Ella Spivack est née aux Etats-Unis d’un père juif et d’une mère non-juive. Enfant, elle a été convertie par un rabbin non-orthodoxe puis a été élevée dans la tradition juive. Elle a fait son alya en 2008 avant de rejoindre volontairement l’armée israélienne. Elle a suivi les cours de conversion orthodoxe fournis par Tsahal et y a rencontré son futur mari tout en travaillant à la Knesset.

Pour des raisons idéologiques mais aussi administratives, le couple souhaite être marié par un rabbin conservateur. Mais, en Israël, le monopole du Grand Rabbinat sur les questions de statut interdit cela. Le couple s’est ainsi marié en Israël, avec un rabbin conservateur… à l’occasion d’une cérémonie non reconnue. Ils se sont ensuite mariés civilement aux Etats-Unis, et cherchent désormais à faire reconnaître leur mariage en Israël.

Il s’agit d’un exemple parmi tant d’autres de la façon dont un événement joyeux se transforme en cauchemar pour les couples, et ce du fait de l’absence de liberté de choix dans le mariage en Israël.

Les immigrants européens qui ont été tourmentés dans leur pays justement parce qu’ils étaient juifs se retrouvent finalement considérés en Israël comme n’étant pas vraiment juifs.

Cette situation anormale et dysfonctionnelle a poussé AJC à créer, il y a un an de cela, Jewish Religious Equality Coalition composé d’une douzaine d’organisations juives dans l’ensemble du spectre confessionnel ainsi que plus de 60 dirigeants juifs éminents afin de plaider en faveur de la création d’alternatives reconnues au monopole du Grand Rabbinat.

Cette coalition diffère des initiatives précédentes dans le large soutien dont elle bénéficie, allant des leaders du mouvement réformiste israélien à ceux de l’orthodoxie ouverte. Il n’est pas question d’abolir le Grand Rabbinat, symbole de l’Etat juif. Mais plutôt de chercher des alternatives reconnues comme le mariage civil ou encore les normes de conversion libéralisées, ce que ne permet pas le monopole actuel.

Début novembre, Jewish Religious Equality Coalition a entrepris sa première visite en Israël, afin de faire pression pour provoquer de tels changements. Leurs efforts ont eu un écho considérable dans plusieurs sphères de la société israélienne.

Nous avons constaté que le rôle public du rabbinat et l’absence de pluralisme religieux étaient notamment préjudiciable à la relation qu’entretiennent les Juifs américains – adhérant pour la plupart à un judaïsme conservateur et réformé – à Israël.

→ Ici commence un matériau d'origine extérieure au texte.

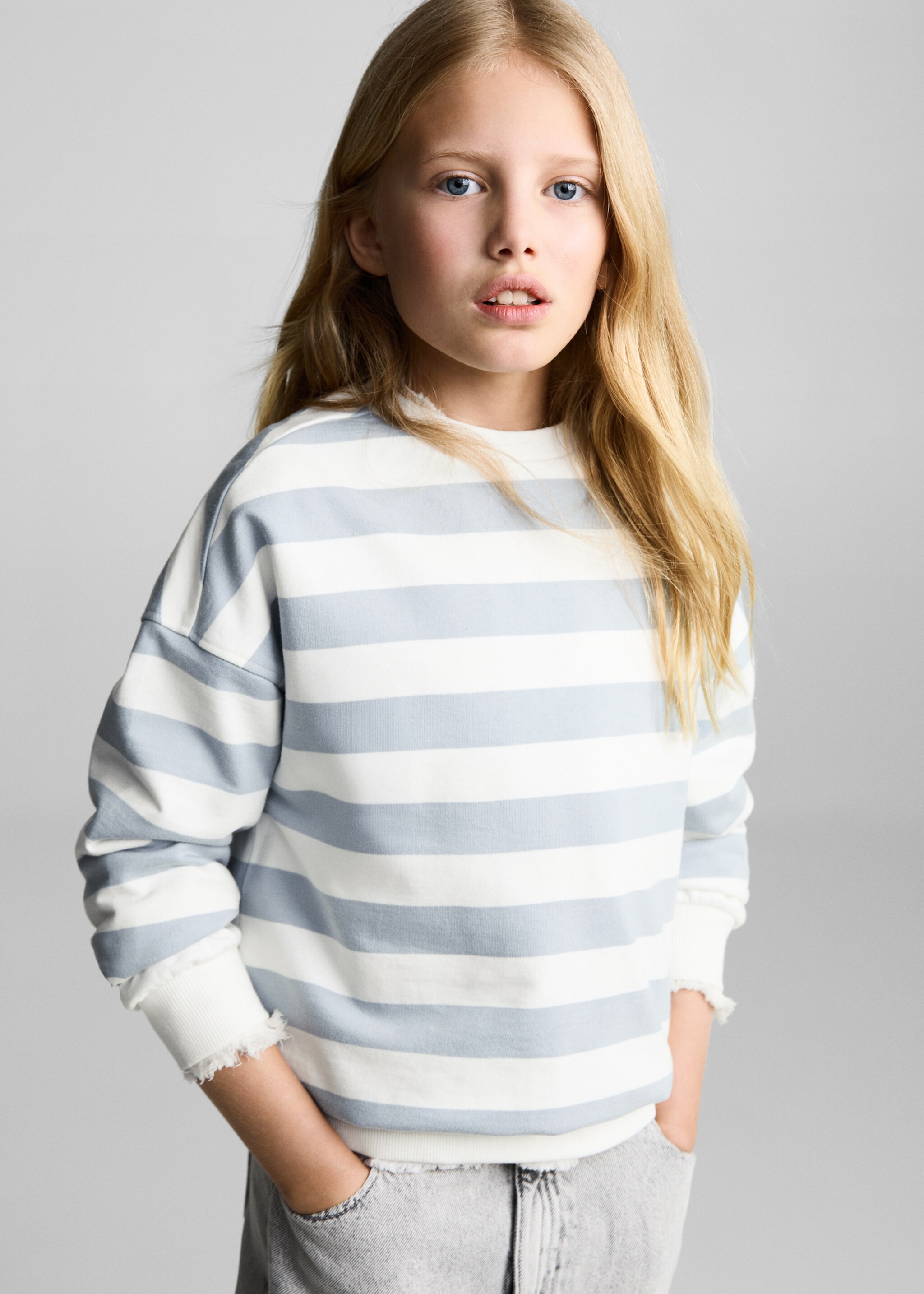 Striped cotton-blend sweatshirt - Medium plane, Sky Blue. Ref: 87093642-00.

En délégitimant les rabbins conservateurs et réformistes, Israël délégitime l’identité juive des Juifs américains non orthodoxes.

D’où notre intervention dans ce qui pourrait être considéré en apparence comme une question israélienne interne, mais qui, en fait, a de profondes conséquences sur la relation qu’entretiennent les Juifs du monde entier avec Israël. Nous avons expliqué à nos interlocuteurs israéliens que nous étions venus exprimer notre solidarité avec Israël dans la période difficile et dangereuse que le pays traverse, mais que nous étions également préoccupés par le maintien de ce soutien par les futures générations.

De nombreux obstacles et une opposition certaine à ce programme sont bien évidemment à prendre en compte, en Israël comme ailleurs. Mais nous pensons qu’il faut persévérer.

Sur le plan moral comme religieux, le monopole du Grand Rabbinat pose problème. La notion même de peuple juif est en danger lorsque les Juifs de la Diaspora sont confrontés, en Israël, au refus de reconnaissance des diverses expressions du judaïsme.

Enfin, un Israël dont la position en tant que démocratie est remise en question par des procédures religieuses ouvertement antidémocratiques risque de voir le soutien de ses alliés diminuer.

Notre but est d’éviter que ces scénarios se produisent, pour le bien des Juifs, du peuple juif, et, surtout, de l’Etat juif.